TCR is a whole new level of hard. No cosy controls with volunteers to mollycoddle you every few hours, riding through multiple countries (often in one day) and a distance roughly equivalent to one and a half LELs before you even get to the turn in Poland and start riding south towards the end. Not to mention the elevations.

I _think_ that, apart from a little tourist bimble round Paris with my l'il sis, his nephews and me, this _might_ have been the first time he ever rode a bike overseas. I reckon that's quite an impressive way to try it out.


----------



## Trickedem (8 Aug 2018)

@iZaP lost his wallet today. However he got some money sent by Western Union and is now back on the road. Go Arnoldas!!


----------



## steveindenmark (14 Aug 2018)

Arnold is 100km from finishing the TCR


----------



## AlanW (14 Aug 2018)

Our two lads finished Monday night and Tuesday morning respectively. Outstanding effort by them both

It's the cut off today?


----------



## Aperitif (14 Aug 2018)

Tremendous achievement by 'Arnie'. Look back to 2011 when irritated members of This Forum ventured forth to the threat of seagull poo on their saddles in the Hastings Republican Ride. A good workout for the legs, with an undulating, sometimes narrow voyage toward breakfast on the sea (I can't* see* a f'ing café anywhere) front. I think it was that bloke William with...Kate? Tempus fugit.
Well Done Arnoldas - 60+ kms is a 'shoe in' for you.


----------



## steveindenmark (15 Aug 2018)

I did not know we had 2 finishers. Who was the second?


----------



## iZaP (18 Aug 2018)

Aperitif said:


> Tremendous achievement by 'Arnie'. Look back to 2011 when irritated members of This Forum ventured forth to the threat of seagull poo on their saddles in the Hastings Republican Ride. A good workout for the legs, with an undulating, sometimes narrow voyage toward breakfast on the sea (I can't* see* a f'ing café anywhere) front. I think it was that bloke William with...Kate? Tempus fugit.
> Well Done Arnoldas - 60+ kms is a 'shoe in' for you.
> View attachment 424530



Haha! this is actually my cousin!!










This was my first CC ride ^

If it wasn't for cyclechat, I would have probably not done many long distance rides...

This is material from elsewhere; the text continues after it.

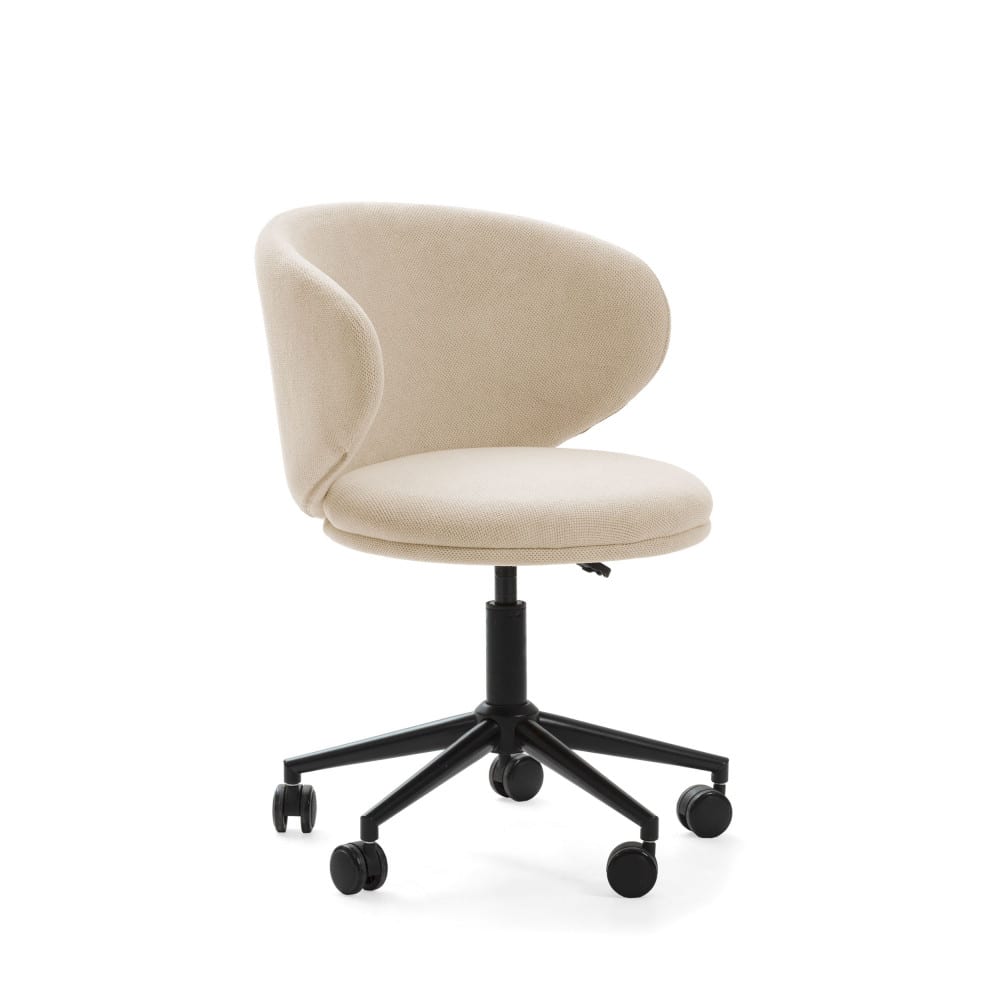 Chaise de bureau Havel beige avec assise tissu et piètement métal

At that time I was riding with simple trainers and SPD-SL pedals! Then a kind member, I believe it was Ross, who donated me his old shoes, which I used a lot!

This was by far the hardest ride I have done, but certainly not the last long one!

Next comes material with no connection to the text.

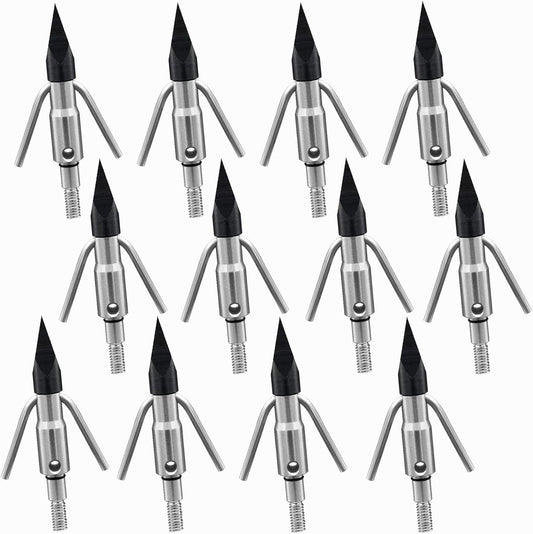 Fishing Arrow Heads Points Bowfishing Broadheads Bow Fish Tips 225 Grain Removeable Head Archery Hunting Screw Tips for Compound Bow,Crossbow and Recurve Bow (12pcs)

Thank you all for support during all the times I've ridden with you guys, especially @Trickedem and @steveindenmark who kept commenting on my statuses via FB and Twitter!

I have learned most of the craft from this forum!

This is the ride on my strava: https://www.strava.com/activities/1780159389


----------



## Aperitif (19 Aug 2018)

Cousin = near enough! Brilliant effort Arnoldas, in this extreme test for all the Transcon riders.


----------